Dirão vocês: — “Isso é literatura!” E se o fosse, não seria demérito. Mas eu digo que esse rapaz não podia ser apontado, não como “um brasileiro”, mas como “o brasileiro”. Pois bem. Um dia, vou ver um colega em outra redação. E, lá, quem vejo eu, datilografando uma crônica sobre o escrete. Também os companheiros o chamavam de “a besta”.

“A besta” podia se considerar um brasileiro autêntico. No fundo, no fundo, somos assim. O brasileiro não acredita em si mesmo. Se o chamam de “a besta”, como tal se considera. Na minha crônica de ontem, escrevi: — “O brasileiro ou acredita em si mesmo ou cai de quatro.” Por isso, repito que o problema de Coutinho não é tático, nem técnico. É, se assim posso dizer, psicológico.

Para a seleção render cem por cento, ou mil por cento, precisa acreditar no Brasil. Essa é a primeira providência. Segunda: — acreditar em si mesmo. E mais: — o time nacional tem que se achar o melhor do mundo.

Bem sei que, em nossa época, o cronista-patriota causa um divertido horror. Quantas vezes nós, cronistas, falamos, com o maior desprezo, em patriotada. Sou um dos poucos que aceitam a patriotada com a maior satisfação.

Outro dia, um cretino fundamental me chamou de patriota. E, realmente, quando se trata do time nacional, me sinto de esporas e penacho.

E, no entanto, os jogadores brasileiros já acreditaram no Brasil. Foi na minha pré-adolescência. Era o tempo de Luiz Vinhais, patriota de alto a baixo. Lembro-me de uma partida internacional que houve aqui.

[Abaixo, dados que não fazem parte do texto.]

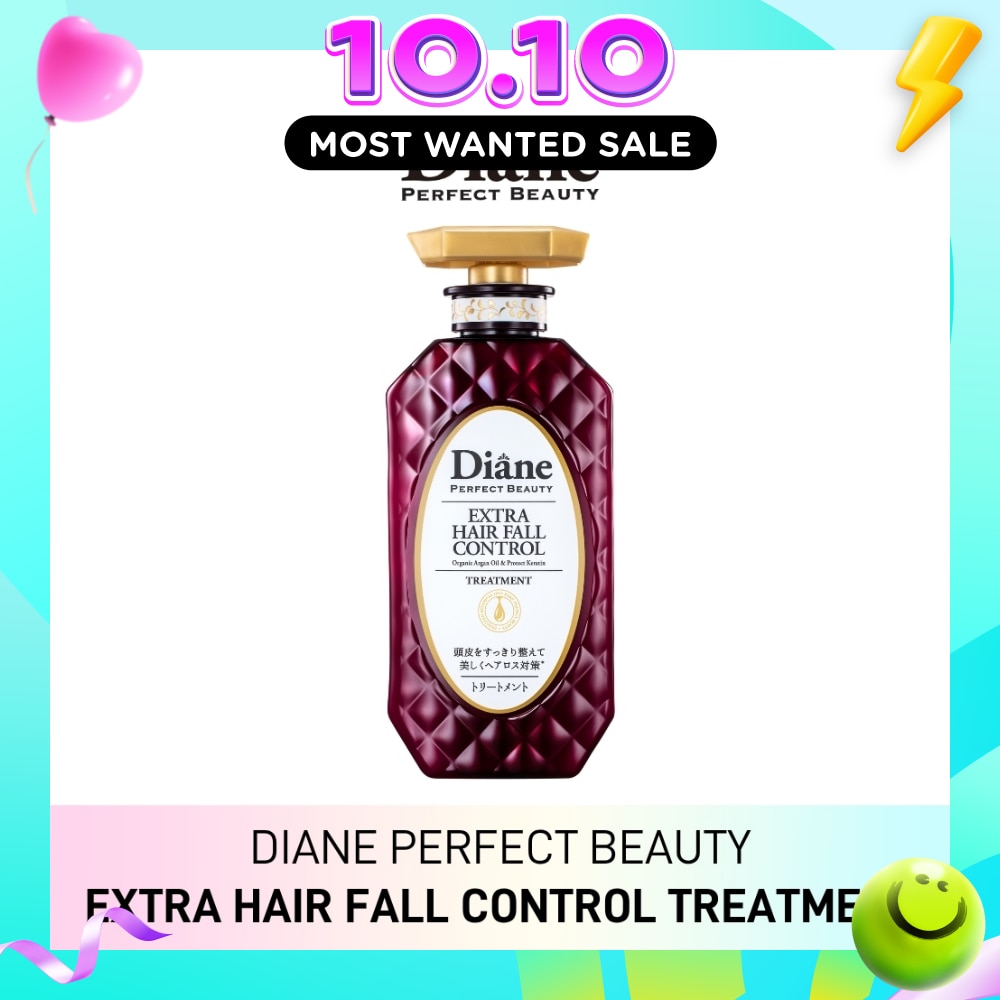 Perfect Beauty Extra Hair Fall Control Treatment 450ml image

Era o Brasil com não sei quem, provavelmente a Argentina. Ou seria Uruguai? Começa a batalha, e o Brasil estava jogando sem alma, sem paixão. O adversário fez um gol. Nem assim reagimos. Pouco depois, novo gol. Acabou o primeiro tempo, com o Brasil perdendo por 2 a 0. Eu, no meu canto, via aquilo como a progressão fulminante da catástrofe.

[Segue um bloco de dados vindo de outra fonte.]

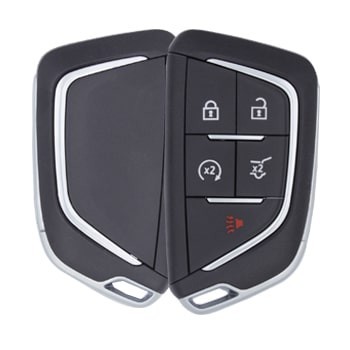 كاديلاك إسكاليد ESV Smart Proximity P/N: 13592983 433 ميجا هرتز 5 أزرار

Mas, no vestiário, estava Luiz Vinhais, ventando fogo. Ergueu o gesto inspirado e apelou para o patriotismo. Era como se o escrete fosse o próprio Brasil. Abriu uma bandeira da pátria. Fez cada jogador beijar a bandeira. Um dos craques debulhou-se em lágrimas, como se dizia antigamente. E diz Luiz Vinhais, com o olhar vazando luz: — “Podem ir, porque vamos vencer.” Não deu outra coisa. Esmagamos o adversário. Cinco a dois foi o escore da nossa vitória. Os cretinos fundamentais poderão dizer: — “Ridículo.” E daí? Com um mínimo de ridículo não há herói, não há santo, não há profeta.